Particle

The term 'particle' occupies a contested and philosophically generative position across the depth-psychology corpus, functioning less as a settled physical category than as a pressure-point at which the boundaries between matter, mind, and field repeatedly break down. The most sustained treatments appear in McGilchrist, Simondon, Pauli, and von Franz, each approaching the concept from a different disciplinary vantage while converging on a shared conclusion: the particle, far from being the ultimate building block of reality, is a secondary, derivative, or perspectival phenomenon arising from continuous underlying fields. McGilchrist marshals quantum field theory to argue that 'particles' are ripples in fields, a thesis he recruits in service of his broader hemispheric argument against the left brain's tendency to carve reality into bounded, discrete objects. Simondon, working from a philosophy of individuation, reconceives the particle not as a substance but as a modality of relation — its identity constituted by discontinuous quantum exchanges rather than by spatial location. Pauli engages the particle with full technical precision, exploring exclusion principles, particle-antiparticle conjugation, and the formalism of field quantization. Von Franz extends the particle into the domain of synchronicity, invoking the Einstein-Podolsky-Rosen paradox to suggest that particles participate in a non-local 'absolute knowledge.' Schwartz, most unusually, maps wave-particle duality onto the Self-parts distinction in Internal Family Systems.
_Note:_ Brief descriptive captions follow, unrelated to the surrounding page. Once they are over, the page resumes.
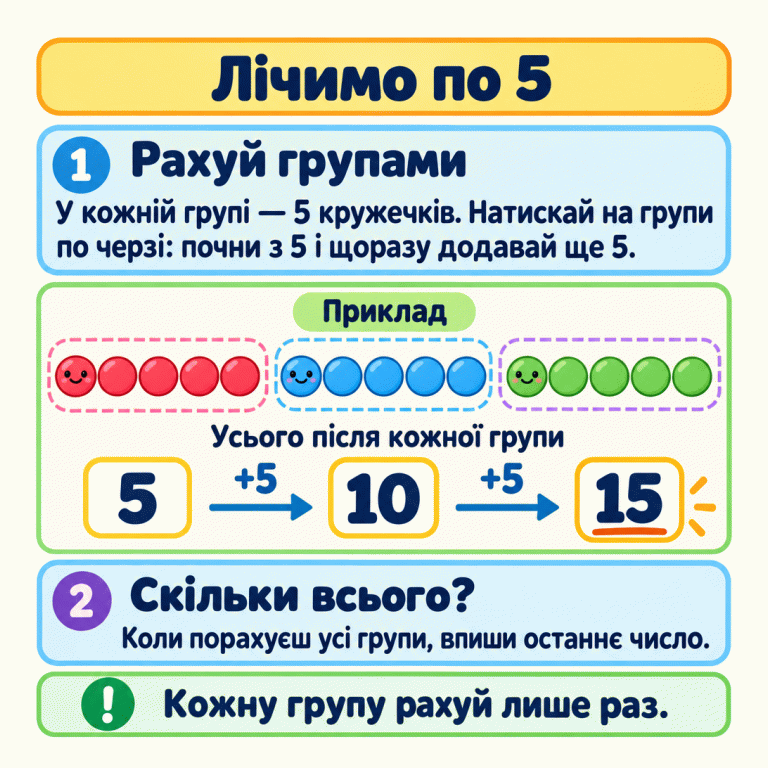 Навчальний приклад: три групи по п’ять кружечків. Після першої групи пораховано 5, після другої — 10, після третьої — 15. За кожну наступну групу додаємо 5. Кожну групу рахуємо лише раз. Порахувавши всі групи, вписуємо останнє число. Лічимо по 5 Рахуй групами: У кожній групі — 5 кружечків. Натискай на групи по черзі: почни з 5 і щоразу додавай ще 5. Скільки всього?: Коли порахуєш усі групи, впиши останнє число. Кожну групу рахуй лише раз. Приклад Усього після кожної групи 5 10 15 +5 1 2 !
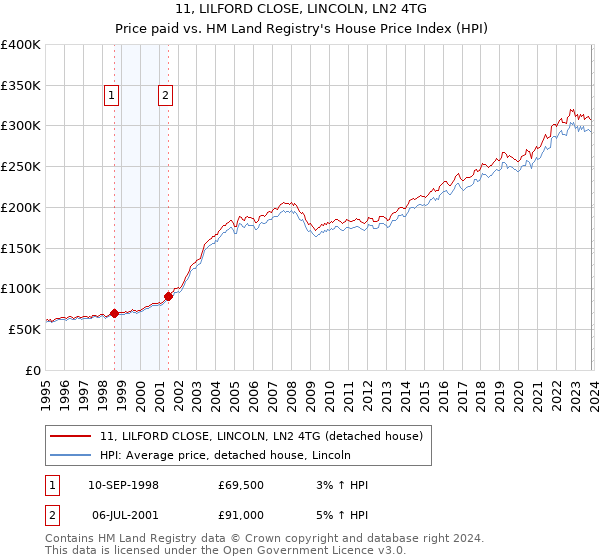 11, LILFORD CLOSE, LINCOLN, LN2 4TG: Price paid vs HM Land Registry's House Price Index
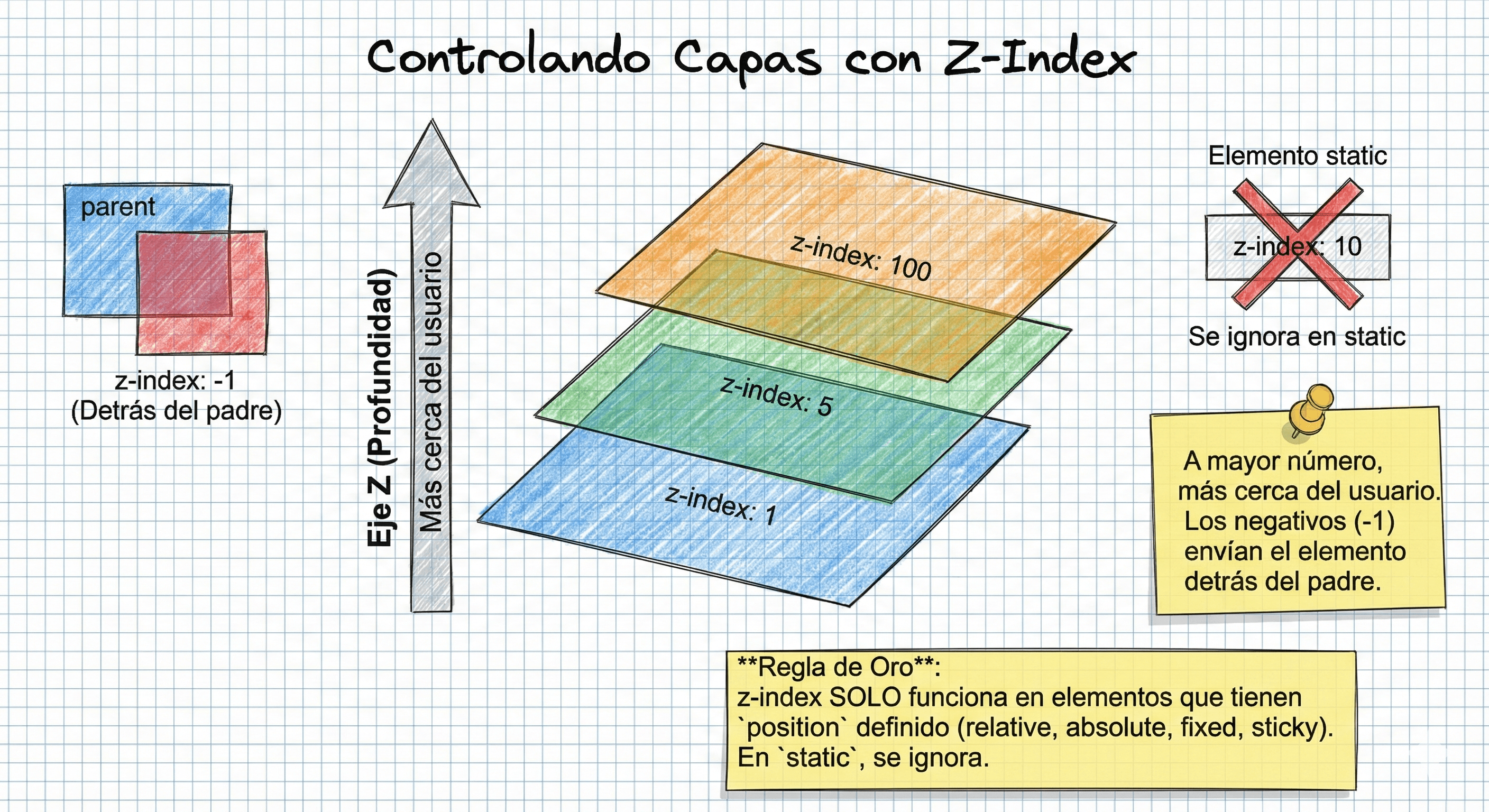 Diagrama 3D de capas apiladas mostrando índices Z: 1, 5, 100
Together, these voices render 'particle' a liminal concept between discreteness and continuity, substance and relation, locality and wholeness.

In the library

'All particles are waves in a universally distributed continuous shared field that envelops each and all of us: values in the field change with space and time.' Wave and particle are two modes of being of the same field phenomenon.

McGilchrist, following Tong and de Broglie, argues that 'particle' is not a fundamental ontological category but a secondary appearance of continuous fields, making the wave-particle dipole a universal structural feature of reality.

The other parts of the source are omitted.